Of all the seasons and various weather patterns to befall the US every year, the winter season is perhaps the most deadly. Blizzards that may come with plenty of warning can still inflict an unpredictable amount of damage to property and human life, and their effects can be felt long after the howling winds and snow have subsided.
Parts of the country are rather used to heavy snowfalls in winter months, but there have been a few notable blizzards in US history that took their victims by surprise and shocked the nation with their brutality. Here are just three of the most extreme, starting with the most recent. Could the next of the super blizzards be on its way this year?

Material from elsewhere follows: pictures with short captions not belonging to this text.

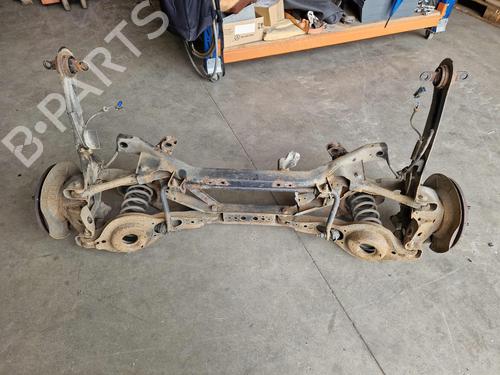 Used Rear axle FORD C-MAX II (DXA/CB7, DXA/CEU) 1.6 TDCi (95 hp) 27478295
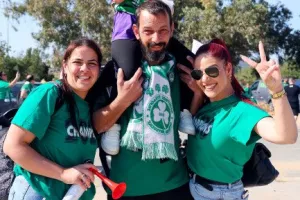 (Φώτος) Οι Ομονοιάτες... στο καταπράσινο ΓΣΠ!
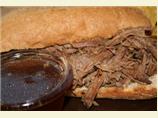 Kansas Girl's French Dip Sandwiches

Storm of the Century, 1993
In a four-day stretch from March 12-15, 1993, the “Storm of the Century” rolled across much of the US, causing up to $10 billion in damages and 300 deaths. However staggering these numbers may seem, they would have been much higher without warnings from the National Weather Service two days earlier. For the first time in history, state governors were able to declare a state of emergency prior to a single snowflake touching the ground, helping citizens prepare for the storm to come. The massive storm affected 26 states and reached from Canada to as south as northern Florida, dumping several feet of snow on typically subtropical landscapes and becoming known as one of the most deadly blizzards in US history.
New England Blizzard of 1978
The Northeast is no stranger to the power of nature in winter, but it received more than it bargained for in early February 1978. A forecast for snow seemed miscalculated as the sun shone brightly throughout the day, but later hours brought white-out conditions and hurricane-force gales, taking much of the east coast by surprise. Workers and families were trapped indoors for days, and record snowfalls in New England left residents without heat, electricity, and water for a week. When all was said and done, this devastating nor’easter killed 100 people.
The Great White Hurricane of 1888
Nearly 125 winters have passed since the “Great White Hurricane” pounded the East Coast for three days from March 11-14, 1888, but this torrential storm still lives in infamy to this day. After days of unseasonably warm weather, winds began whipping and temperatures plummeted, blanketing much of the East Coast in feet of snow. With some areas experiencing 50-foot snow drifts, Boston, New York, and other major cities were completely immobilized. After the whopper of a blizzard cleared, fires and floods ensued. In all, 400 people died, including 200 deaths in New York City alone.